Collaborer c'est démultiplier plutôt qu'additionner.
La collaboration, clé du succès du projet

La complexité des projets actuels exige davantage qu’une addition de compétences techniques ; elle impose une orchestration fluide des intelligences. L'Agile a très vite pointé la collaboration pour réussir les projets. De son coté, Heidi K. Gardner parle de « Smarter Collaboration » (1) pour désigner cette capacité à mobiliser des expertises complémentaires au bon moment, au bon niveau, afin de résoudre des problèmes que personne ne saurait régler seul ; ses recherches démontrent qu’une telle approche accroît simultanément revenus, innovation et rétention des talents. Pourtant, dans de nombreuses organisations, la collaboration reste l’angle mort des pratiques de gestion de projet, prise en étau entre cultures hiérarchiques, silos fonctionnels et inertie des processus. Comment, dès lors, transformer une équipe éphémère en creuset de créativité collective ? C'est le sujet de ce papier.

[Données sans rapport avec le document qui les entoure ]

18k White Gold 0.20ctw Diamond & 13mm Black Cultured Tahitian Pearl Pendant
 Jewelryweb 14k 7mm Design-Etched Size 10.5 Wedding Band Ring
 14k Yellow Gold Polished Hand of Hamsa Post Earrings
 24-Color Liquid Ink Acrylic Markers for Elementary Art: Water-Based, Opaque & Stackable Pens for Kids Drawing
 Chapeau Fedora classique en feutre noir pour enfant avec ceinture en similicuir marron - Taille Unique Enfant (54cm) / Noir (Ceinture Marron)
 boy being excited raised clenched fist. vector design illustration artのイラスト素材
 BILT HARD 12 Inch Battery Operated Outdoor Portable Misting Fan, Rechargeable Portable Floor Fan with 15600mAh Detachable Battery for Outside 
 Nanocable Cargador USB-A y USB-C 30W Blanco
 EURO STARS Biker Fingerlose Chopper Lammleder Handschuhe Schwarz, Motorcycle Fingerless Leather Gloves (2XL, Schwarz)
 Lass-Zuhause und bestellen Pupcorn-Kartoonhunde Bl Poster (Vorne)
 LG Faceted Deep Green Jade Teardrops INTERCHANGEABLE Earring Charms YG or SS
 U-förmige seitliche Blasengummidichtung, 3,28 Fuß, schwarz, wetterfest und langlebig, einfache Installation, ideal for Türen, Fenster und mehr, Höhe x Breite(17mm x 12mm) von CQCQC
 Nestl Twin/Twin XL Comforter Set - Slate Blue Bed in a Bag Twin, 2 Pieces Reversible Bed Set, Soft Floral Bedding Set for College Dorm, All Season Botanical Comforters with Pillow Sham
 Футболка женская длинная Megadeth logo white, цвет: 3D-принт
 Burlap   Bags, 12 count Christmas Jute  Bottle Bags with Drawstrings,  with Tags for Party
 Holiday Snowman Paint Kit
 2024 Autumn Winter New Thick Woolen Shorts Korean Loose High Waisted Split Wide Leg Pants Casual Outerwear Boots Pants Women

Comprendre la mécanique d'une collaboration efficace suppose d’abord d’accepter qu’elle repose sur un socle psychologique : la sécurité qu’éprouvent les membres à exprimer une idée non aboutie, à reconnaître une erreur ou à questionner un dogme. Amy Edmondson (2), qui a popularisé le concept de « psychological safety », rappelle que l’innovation jaillit lorsque l’on peut prendre des risques interpersonnels sans craindre la stigmatisation ; ses travaux montrent qu’un tel climat est le prédicteur numéro un de la performance d’équipe dans les environnements incertains(American Psychological Association). Le chef de projet devient donc une sorte d'architecte d’espace relationnel : il cadre la finalité, clarifie les contributions attendues et, surtout, régule les interactions pour que la confiance reste supérieure au risque perçu.


Pour illustrer la puissance de cet état d’esprit, observons l’équipe qu'on nommera « Polaris », chargée de concevoir un service de maintenance prédictive pour un constructeur industriel. Dès le lancement, la cheffe de projet, Anisa, réunit ingénieurs, data scientists, commerciaux et experts terrain autour d’un récit commun : « Nous voulons détecter les pannes avant qu’elles n’enrayent la production de nos clients ». Chaque atelier commence par un tour de table où l’on partage obstacles et hypothèses ; l’écoute active est ritualisée : on reformule, on questionne, on relie l’intervention au but final. Lorsque Miguel, technicien site, exprime ses doutes sur la fiabilité des capteurs, Emma, data scientist, propose de venir deux jours sur le terrain pour confronter ses algorithmes à la réalité. Cette coprésence déclenche une série d’ajustements qui réduisent de 30 % le taux de fausses alertes. Dans « Polaris », la règle implicite est claire : chacun accueille la perspective de l’autre comme une pièce manquante du puzzle. Les désaccords sont fréquents, mais ils se déroulent sur le terrain des idées, jamais sur celui des personnes. La confiance ainsi tissée permet, quatre mois plus tard, un prototype fonctionnel livré avec trois semaines d’avance ; le client signe un contrat cadre. Quelles compétences relationnelles distinguent alors « Polaris » ? On repère la curiosité systématique – exprimer un « Dis-m’en plus » au lieu d’un « Ce n’est pas notre périmètre » –, l’empathie cognitive qui aide à traduire un jargon métier en bénéfice commun, et la capacité à pratiquer le désaccord constructif : contester une solution tout en confirmant la valeur de la personne qui la propose. Cette combinaison incarne ce que Gardner nomme « le capital social délibéré » : un investissement dans les liens qui fait du collectif un multiplicateur plutôt qu’un simple additionneur de talents.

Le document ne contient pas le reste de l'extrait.